Of the prize's 2018 finalists, Anna Burns' Milkman (Faber & Faber) enjoyed the biggest Booker Bump since its shortlisting. As the only title whose paperback has already been released, its sales have risen 1,103% in the three weeks since the shortlist announcement in comparison to the preceding three weeks, selling 4,573 copies across editions.
Robin Robertson's The Long Take (Pan Macmillan, Picador) is up 340%, seeing sales of 2,488 in hardback in the 'Poetry Non-fiction' category, thanks to its genre-defying characteristics as the Man Booker's first novel in verse ever shortlisted.
The bookies' favourite, 27-year-old Daisy Johnson, has seen an uplift of 275% for her novel Everything Under (Vintage, Jonathan Cape), selling 5,241 copies to date; sales of The Mars Room (Vintage, Jonathan Cape) and 500+ page novel The Overstory, by US authors Rachel Kushner and Richard Powers, are up 144% at 4,214 copies sold and 72% at 3,996 copies sold, respectively; and Canadian author Esi Edugyan's Washington Black (Serpent's Tail) is up 104% at 3,710 copies sold.

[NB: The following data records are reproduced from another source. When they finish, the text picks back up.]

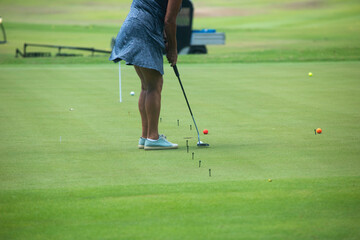 A rear view shot of active elderly woman playing golf and enjoying outdoor recreation in Mexico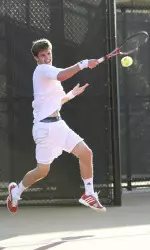 Freshman Austin Powell won his 15th match of the spring.
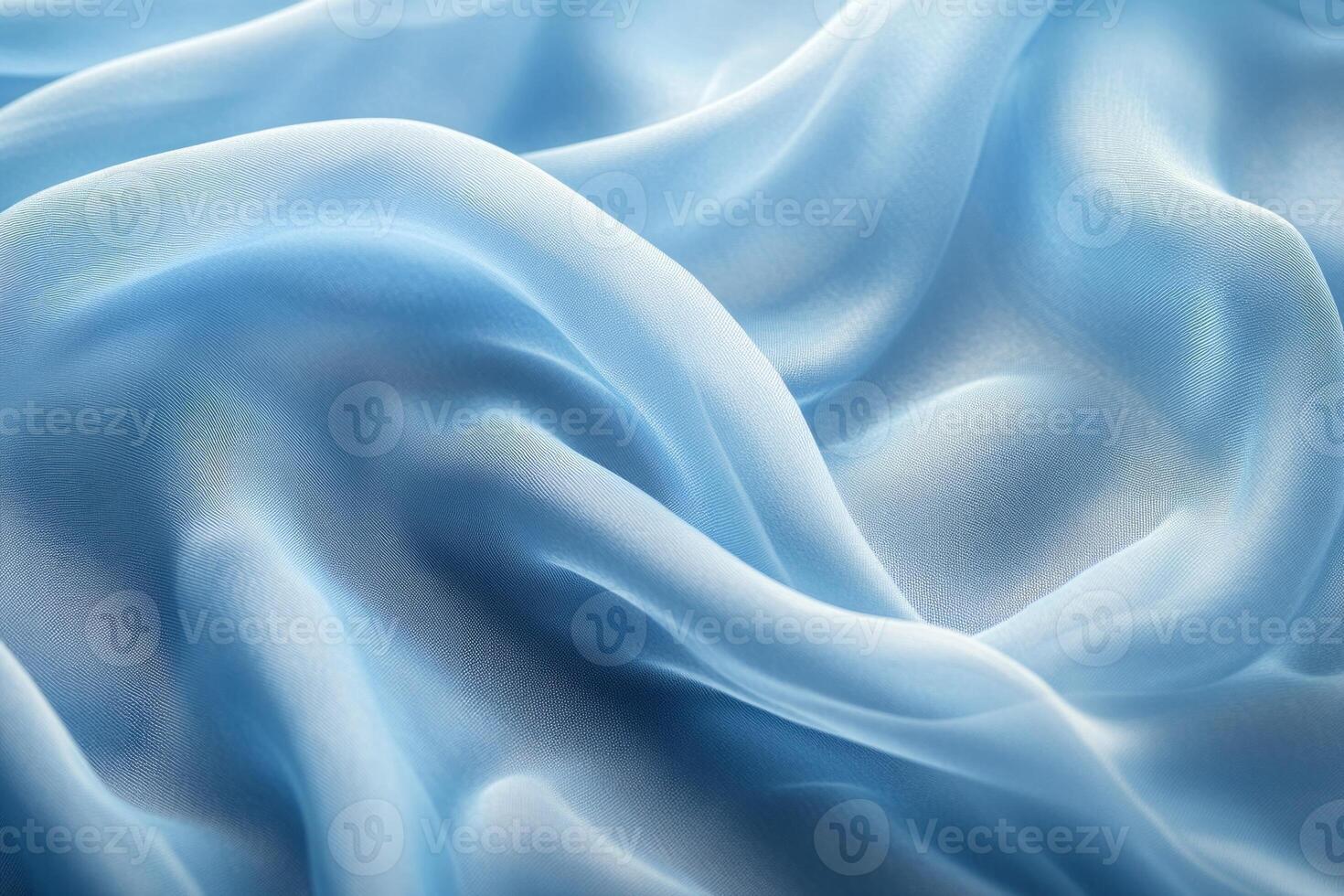Delicate light blue silk fabric with soft folds and waves, creating a serene and elegant texture. photo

By way of contrast, whereas the total shortlist has sold a total of 23,000 copies, the longlisted titles that failed to make the final cut have sold a combined 127,260 copies. Bauer's Snap (Bantam) shifted 59,599 copies, Sally Rooney's Normal People (Faber & Faber) 24,860 copies and Michael Ondaatje's Warlight (Jonathan Cape) 13,199, the latter two both in hardback. Graphic novel Sabrina (Granta) has sold 6,667 copies, again more than any title on the shortlist.
Looking back to five years ago, the 2013 longlist sold 90,030 copies in total, but the shortlist (without winner The Luminaries (Granta)) sold 200,413 copies in total.
Predicting the outcome at this evening's Man Booker Prize ceremony, Ladbrokes made the prize's youngest shortlistee, Johnson, the 9/4 favourite to win with Everything Under, while Powers was given odds of 5/2, Edugyan odds of 7/2, Robertson of 5/1, Burns of 6/1, and Kushner of 7/1.
An hour-long documentary chronicling the Man Booker Prize’s 50-year history aired on BBC Four last night, featuring founder Tom Maschler, past winners John Banville, Eleanor Catton, Anne Enright, Penelope Lively and Ben Okri, and 2018’s chair of judges Kwame Anthony Appiah.
With reference to the decision to open up the Prize in 2014 to all nationalities including Americans, Golden Man Booker Prize judge Robert McCrum defended the decision in the documentary, saying, “If you are going to have the world’s number one English-language prize and you don’t include the world’s number one English market place, America, it’s slightly ludicrous.” But former judge and journalist Alex Clark posited the rule change had “made it hard to focus on this particular literary culture”.